O choque de gerações e o mito de 2002
O ponto central da narrativa é o relato de um confronto mítico ambientado em 2002. O narrador descreve o momento em que as crianças locais enfrentaram um trio de ícones globais da época: David Beckham (cujas famosas e inconstantes mudanças de corte de cabelo são satirizadas no diálogo, variando entre raspado, loiro e moicano), Zinedine Zidane e Alessandro Del Piero. O roteiro detalha que, apesar de Zidane e Del Piero marcarem os primeiros gols, a equipe de rua conseguiu reverter a desvantagem em seu próprio território.
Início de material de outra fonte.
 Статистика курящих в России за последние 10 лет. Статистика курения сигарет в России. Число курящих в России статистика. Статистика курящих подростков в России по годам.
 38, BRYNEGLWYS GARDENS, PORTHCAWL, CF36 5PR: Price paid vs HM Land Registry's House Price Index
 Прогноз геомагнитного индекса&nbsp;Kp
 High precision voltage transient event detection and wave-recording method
O clímax desse embate histórico ocorre quando "o garoto de óculos" executa o movimento clássico de Zidane — a roleta — contra o próprio meio-campista francês. A audácia do drible é tratada com exagero cômico, com o narrador afirmando que Zidane "não falou por uma semana" após o episódio. A partir desse ponto de ruptura, o trio local passa a impor restrições a si mesmo para manter algum nível de desafio, aceitando validar apenas gols de calcanhar, de voleio, de perna esquerda ou após a bola tocar no travessão.
A transição para o talento contemporâneo
Para quebrar a invencibilidade que beira o status de lenda urbana, o empresário recruta talentos contemporâneos, citando nominalmente "Lamine" e "Trinity" durante a convocação. A urgência da missão é justificada por uma promessa feita àquele que o personagem descreve como "possivelmente o maior jogador do planeta". O roteiro constrói a tensão até a chegada à quadra, onde o novo esquadrão deve provar seu valor contra os intocáveis veteranos do asfalto.
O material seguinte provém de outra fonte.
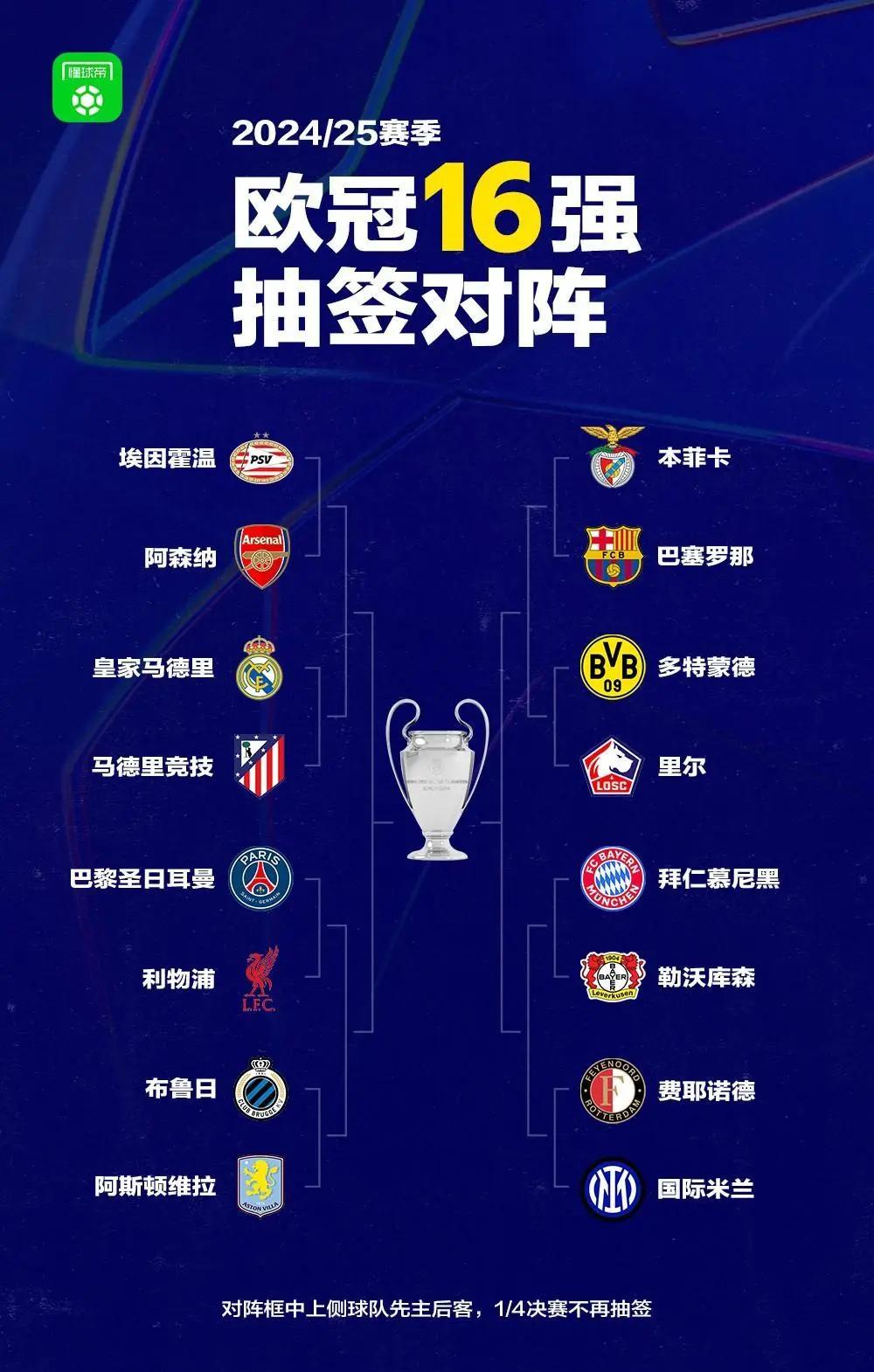 欧冠小组赛激烈角逐，胜负难料探花的简单介绍
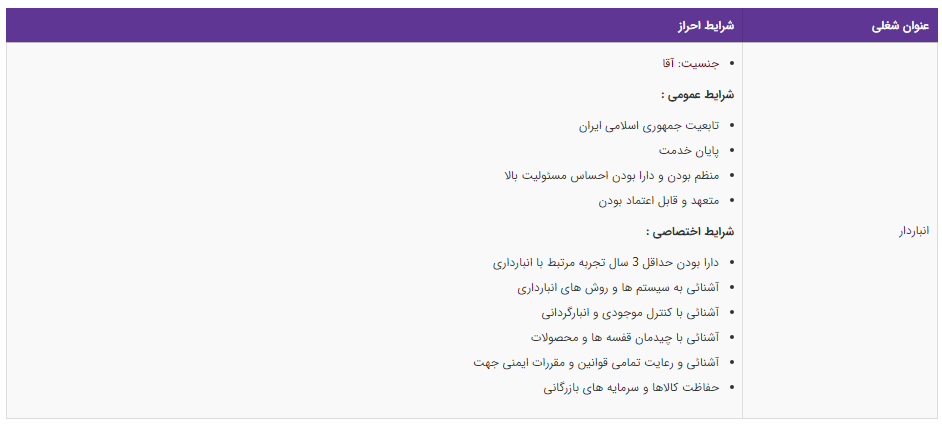 استخدام انباردار  در یک شرکت معتبر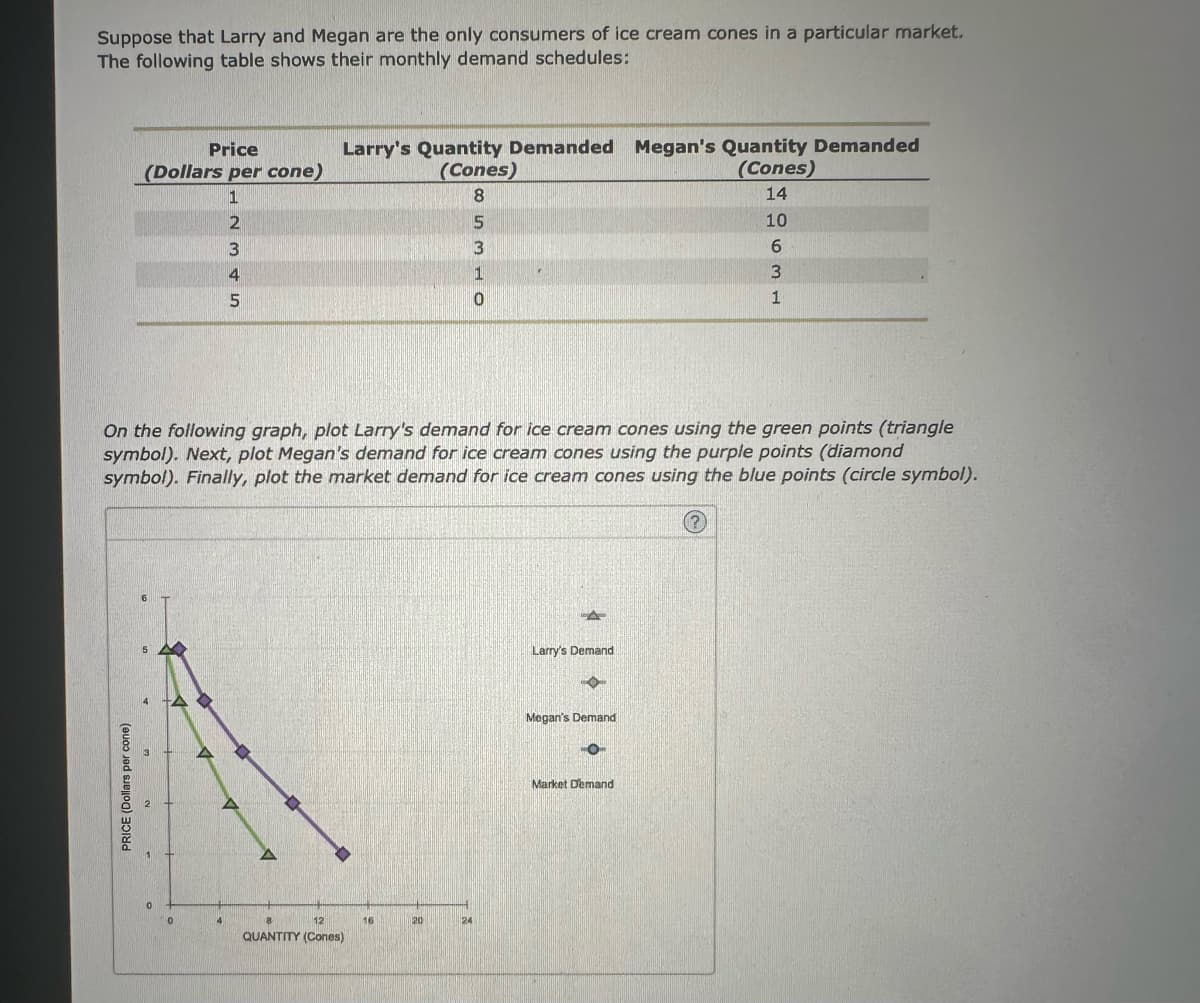 Suppose that Larry and Megan are the only consumers of ice cream cones in a particular market.
The following table shows their monthly demand schedules:
Price
(Dollars per cone)
1
PRICE (Dollars per cone)
0
2345
On the following graph, plot Larry's demand for ice cream cones using the green points (triangle
symbol). Next, plot Megan's demand for ice cream cones using the purple points (diamond
symbol). Finally, plot the market demand for ice cream cones using the blue points (circle symbol).
(?)
4
Larry's Quantity Demanded Megan's Quantity Demanded
(Cones)
8
(Cones)
14
10
6
3
1
8
12
QUANTITY (Cones)
16
5310
20
24
Larry's Demand
Megan's Demand
O
Market Demand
Para contexto, a BrazilValley aponta que a estrutura de misturar lendas aposentadas com estrelas em ascensão em cenários urbanos remete diretamente à era de ouro da publicidade esportiva do início dos anos 2000. Embora a peça não faça essa correlação mercadológica de forma explícita, o formato resgata a estratégia de superproduções focadas na cultura de rua, distanciando-se temporariamente das arenas oficiais para focar no engajamento cultural e na economia da nostalgia.
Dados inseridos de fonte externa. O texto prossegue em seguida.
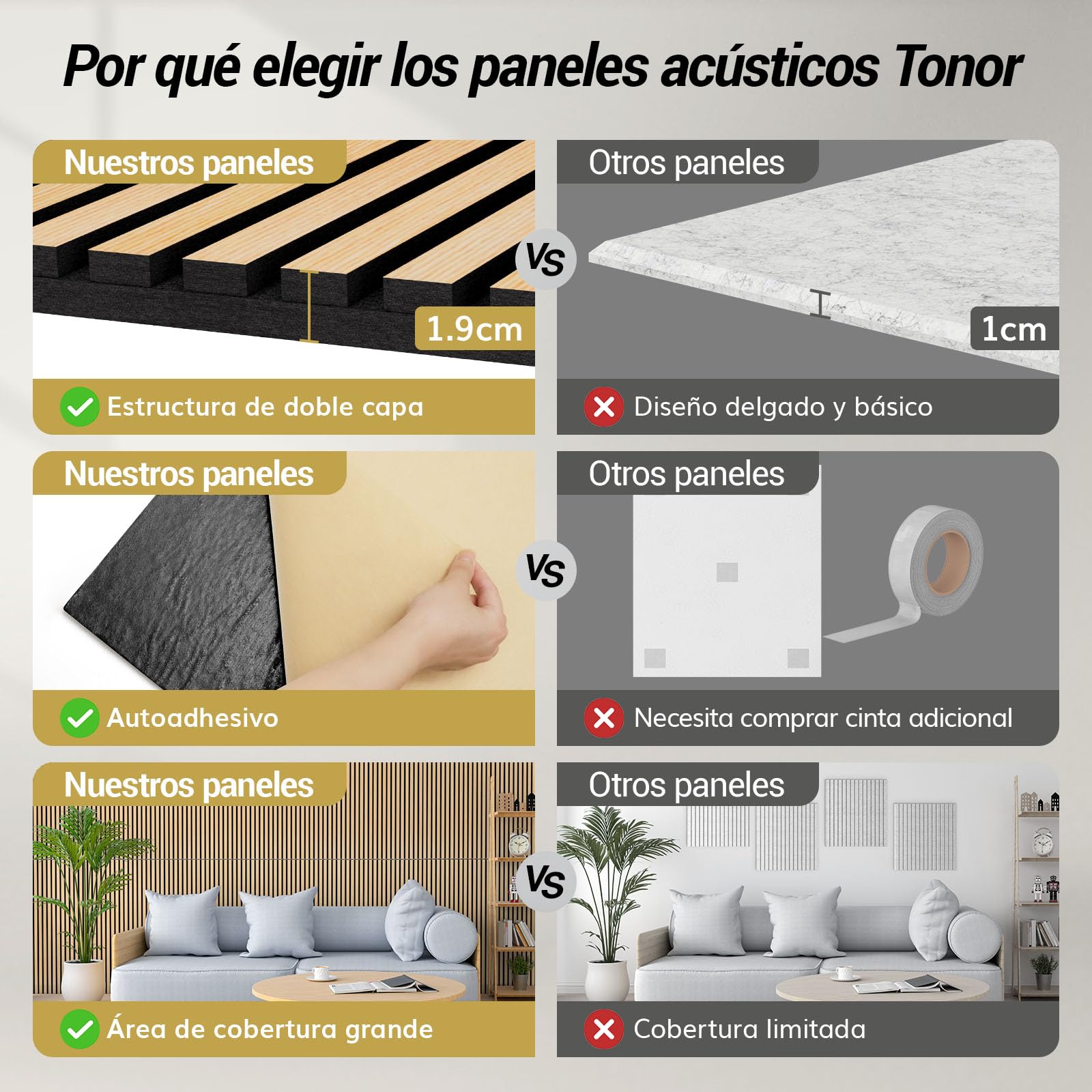 TONOR Lote de 4 Paneles acústicos autoadhesivos en Chapa de Madera, 120 x 60 x 1,9 cm (2,88 m²), Paneles murales 3D, Aspecto Madera para decoración de Paredes, Oficina, salón, Roble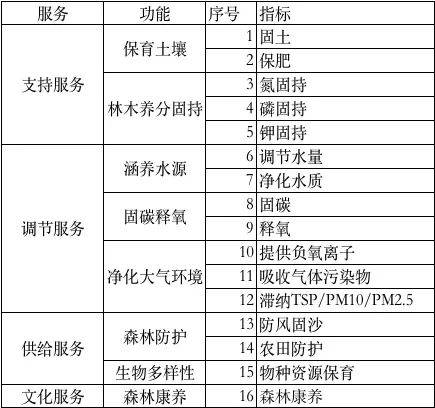 第1125页
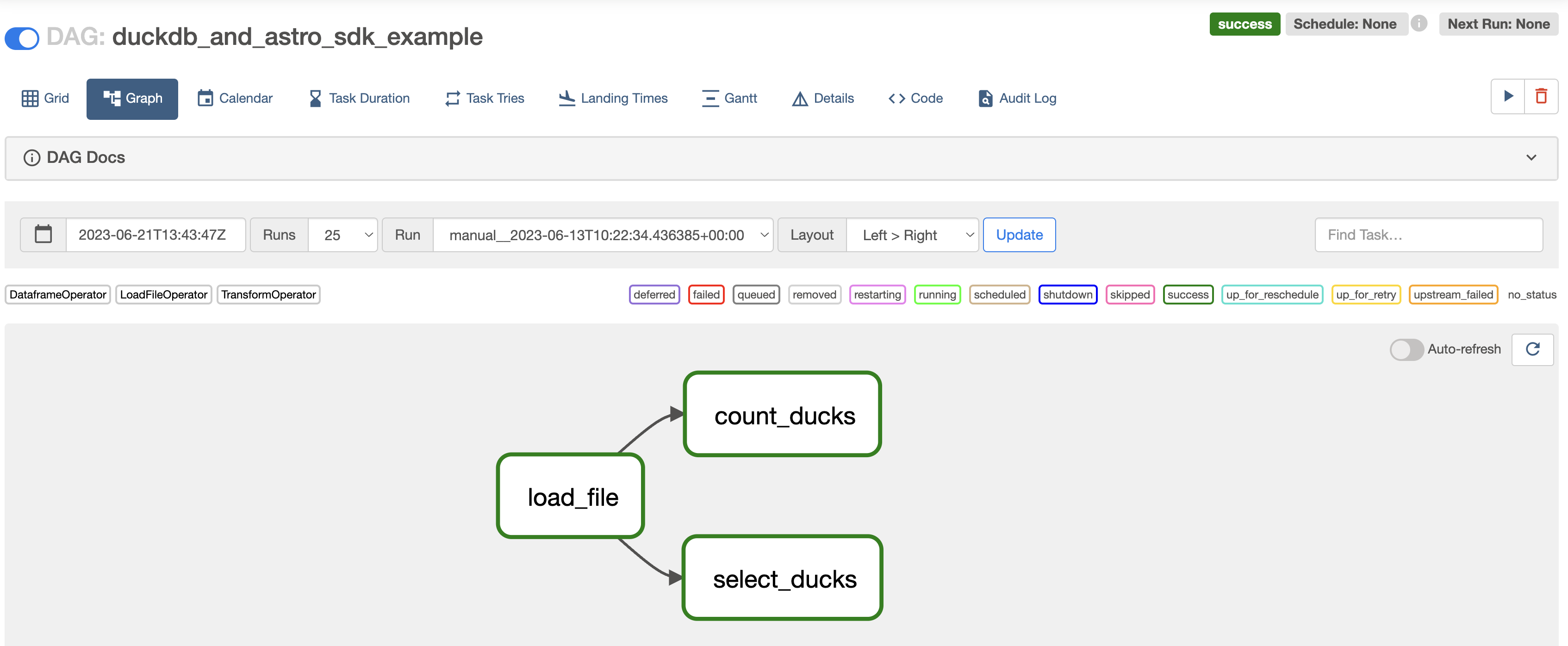 DuckDB and Astro Python SDK DAG graph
A peça culmina com a revelação do trunfo final da marca: "Leo" (Lionel Messi), que assiste à movimentação tática como um espectador silencioso até o desfecho. Ao afirmar com naturalidade que "se eles não conseguirem, eu jogo", a campanha amarra o passado e o presente do esporte sob a mesma narrativa. O resultado é uma demonstração clara de como o capital de credibilidade dos maiores nomes do futebol global continua sendo validado, no imaginário coletivo, pela estética crua e pela imprevisibilidade do futebol de rua.